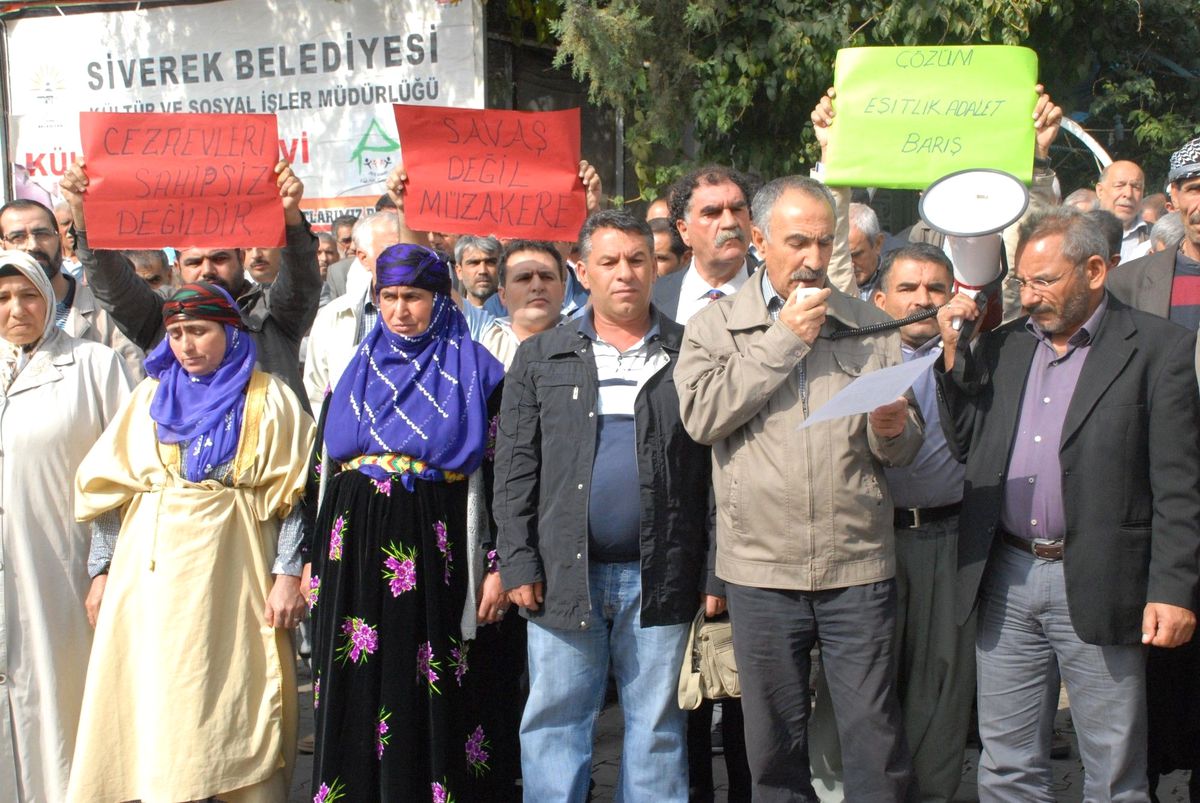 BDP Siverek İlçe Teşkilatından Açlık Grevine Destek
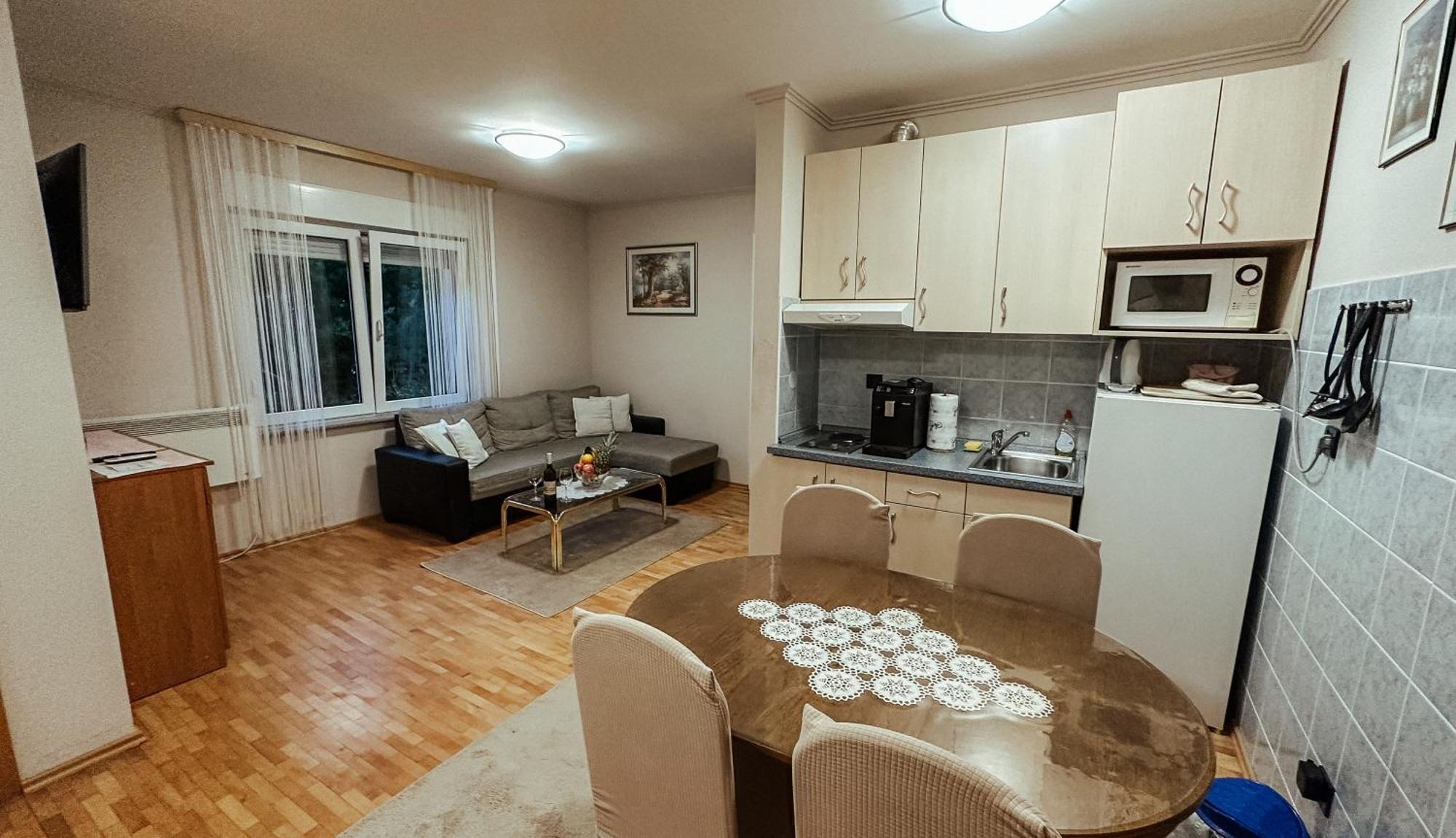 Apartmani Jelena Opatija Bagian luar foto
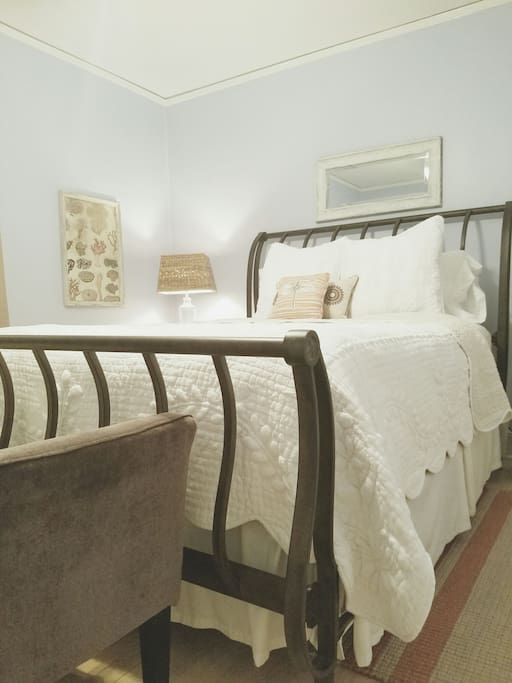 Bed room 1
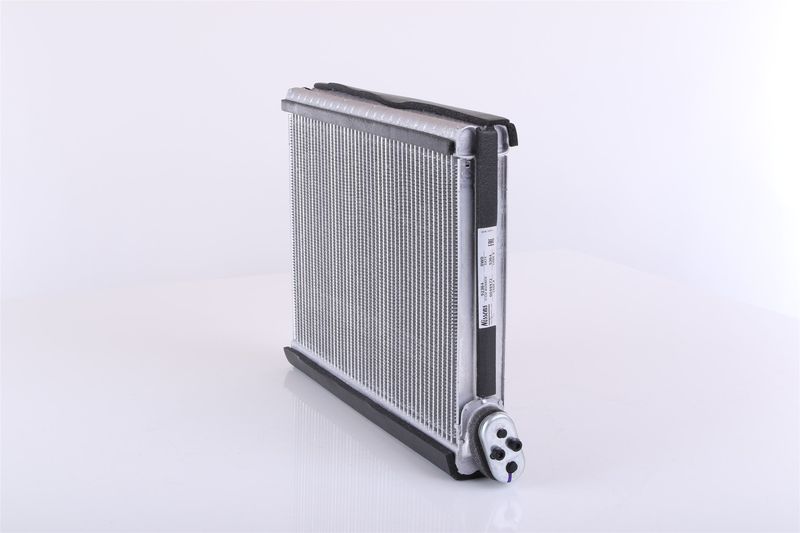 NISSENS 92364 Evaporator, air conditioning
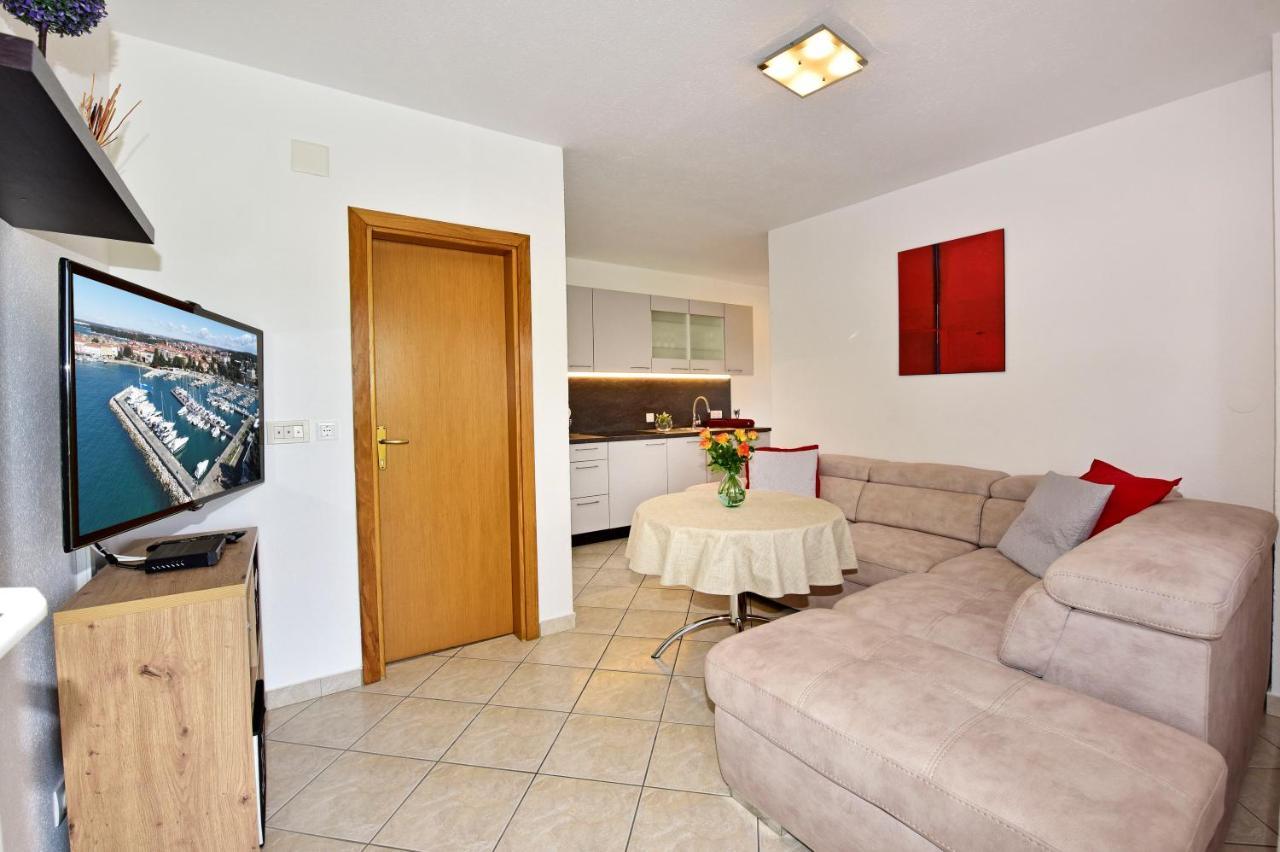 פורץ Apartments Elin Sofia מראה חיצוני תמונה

-.-.-

** TASK DIRECTIONS **
Skip the pictures. Restate everything else in the records word for word.

** WRITTEN RESPONSE **
 BDP Siverek İlçe Teşkilatından Açlık Grevine Destek
 Apartmani Jelena Opatija Bagian luar foto
 Bed room 1
 NISSENS 92364 Evaporator, air conditioning
 פורץ Apartments Elin Sofia מראה חיצוני תמונה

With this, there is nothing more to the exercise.